I have recently been compiling reading lists for students who will be starting modules I teach in the coming semester. For many of our students access to books is a real issue – they often don’t have the income to buy recommended editions at full price, our university library is always stretched for funds and so can only buy limited hardcopy numbers and electronic copies are so unpopular with students that many don’t see them as an option. My university continues to invest in ebooks despite feedback from students that clearly shows they dislike the format and find them hard to use – but, as far as college is concerned, they are relatively cheap and don’t clutter the shelves.

Unlike some of my colleagues, I am also pretty relaxed about which editions of books students use. In the world of textbooks in particular new and updated versions of textbooks command large cover prices even when the ‘updating’ is marginal and peripheral to the core of the topic. So, whether students have the 6th edition or the brand new 7th is most often neither here nor there in terms of the information they need to know at an undergraduate level. Quite often just getting them to read any book is something of a triumph.

However, I have found that telling students that there are books they should be reading available on Amazon for as little as 1p plus postage and packing can sometimes convince them that owning books they need isn’t beyond their reach. But the fact that books can be offered so cheaply has often puzzled students who have assumed this means that they must be worthless and of no use to them. And, it’s also made me think about what must be the economics behind the 1p book phenomenon.

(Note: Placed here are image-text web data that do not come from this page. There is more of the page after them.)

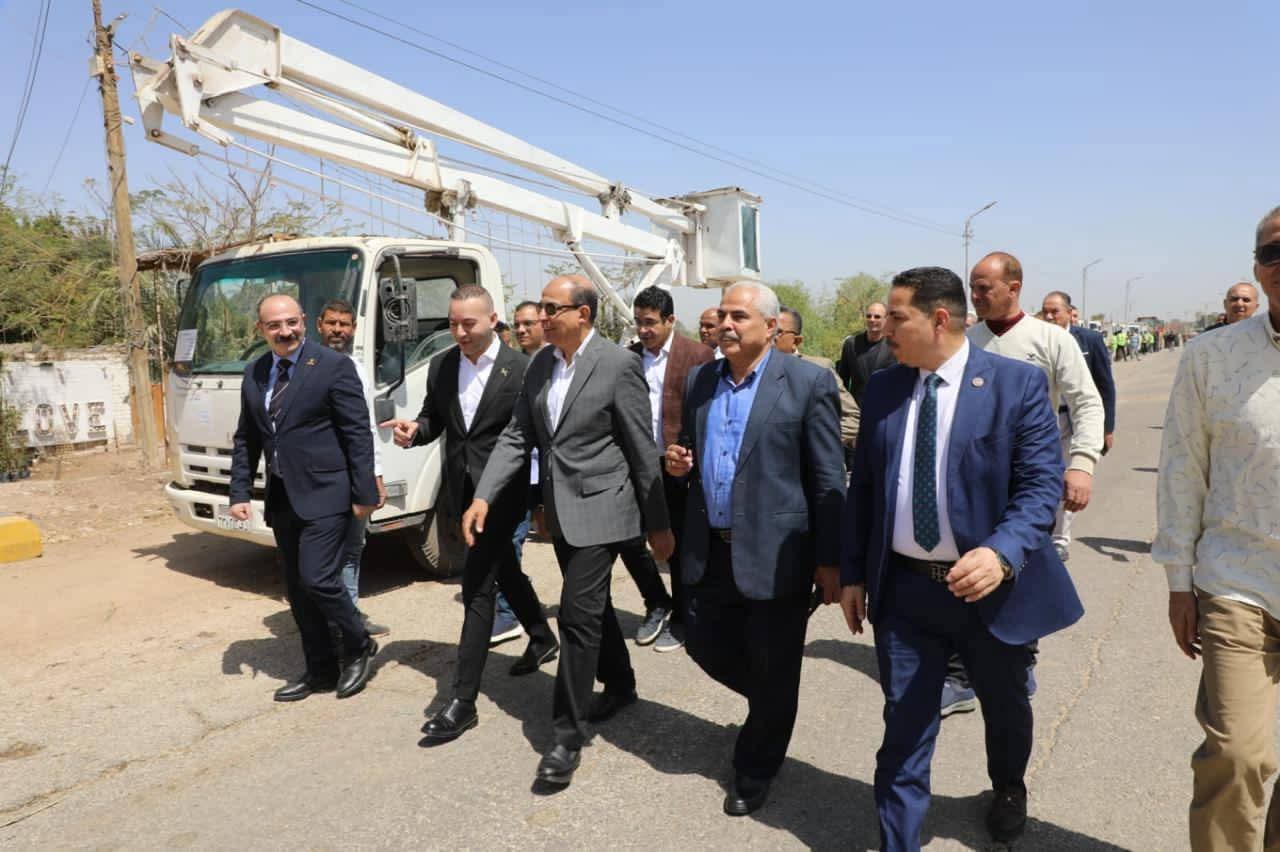 جاهزية تامة لإنجاز المهام.. محافظ المنيا يتفقد اصطفاف معدات النظافة والرصف بمغاغة
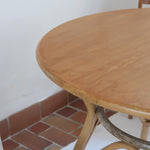 Table ronde vintage en rotin et bois clair, années 70, piètement tressé avec ligatures, plateau en bois patiné.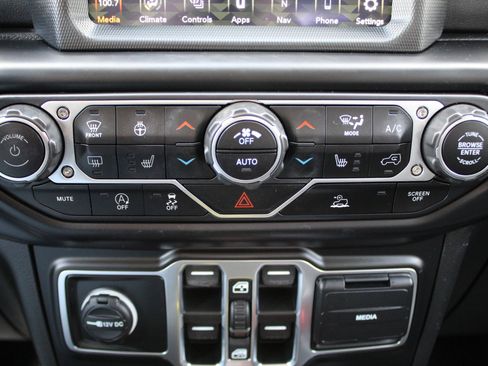 Used 2022 Jeep Gladiator Overland w/ Popular Equipment Package AWD/4WD image 31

It seems to me that the more you think about this part of the book market, the more bizarre and Alice in Wonderland-like it becomes. If a dealer advertises a book at 1p and adds on postage and packing costs of £2.80 – a total value of £2.81 – by the time they have deducted Amazon’s commission and the actual cost of the p&p, there can only be, literally, a few pence left in the profit column. So, in order, to make anything at all from this process you have to assume two or three other factors are in place:

·         They must be confident of shifting HUGE numbers of these cheap books

·         They must be able to source the books for nothing (or as close to nothing as makes no difference)

·         They must be able to make marginal savings on postage and packing through shifting stuff in bulk

All of which, it seems to me, presupposes that to operate in Amazon’s 1p universe you have to be a pretty considerable outfit with all the logistics in place.

For me at least I guess the key question is where the books are sourced from. If they have to be picked up for literally next to nothing I find it hard to imagine where on Earth they come from. Are these books that have already been packed up to be sent for pulverising – copies discarded by institutions or individuals that no longer see any need for them? Are they the books rejected by charity shops who seem to have become increasingly picky about what goes on their shelves?  I have no idea.

At one level you could make a case for this 1p book trade as an example of green recycling –helping the hard-pressed students I mentioned at the beginning of this piece and preventing even more landfill being generated. While I can applaud this it’s a version of bookselling that feels a bit like ‘bottom-feeding’  - hard work and constantly at the (probably literally) grubby end of the trade. What impact all this has on those further up the bookselling chain I have no idea but it must have an effect and I suspect it isn’t marginal.

It’s not the sort of bookselling most of us dream about. When we daydream of our bookshops we see only the choicest volumes and the most beautiful bindings on our shelves and we imagine the delightful conversations these will generate with our customers. The 1p world of bookselling is the industrial factory farming version of the bookselling world rather than the Arcadian free-range alternative most of us would rather be associated with. Whether it’s a good or bad thing probably depends on where you are in the marketplace – for consumers it has to be a good deal but for book dealers these lowest of the low prices must be a continuing headache.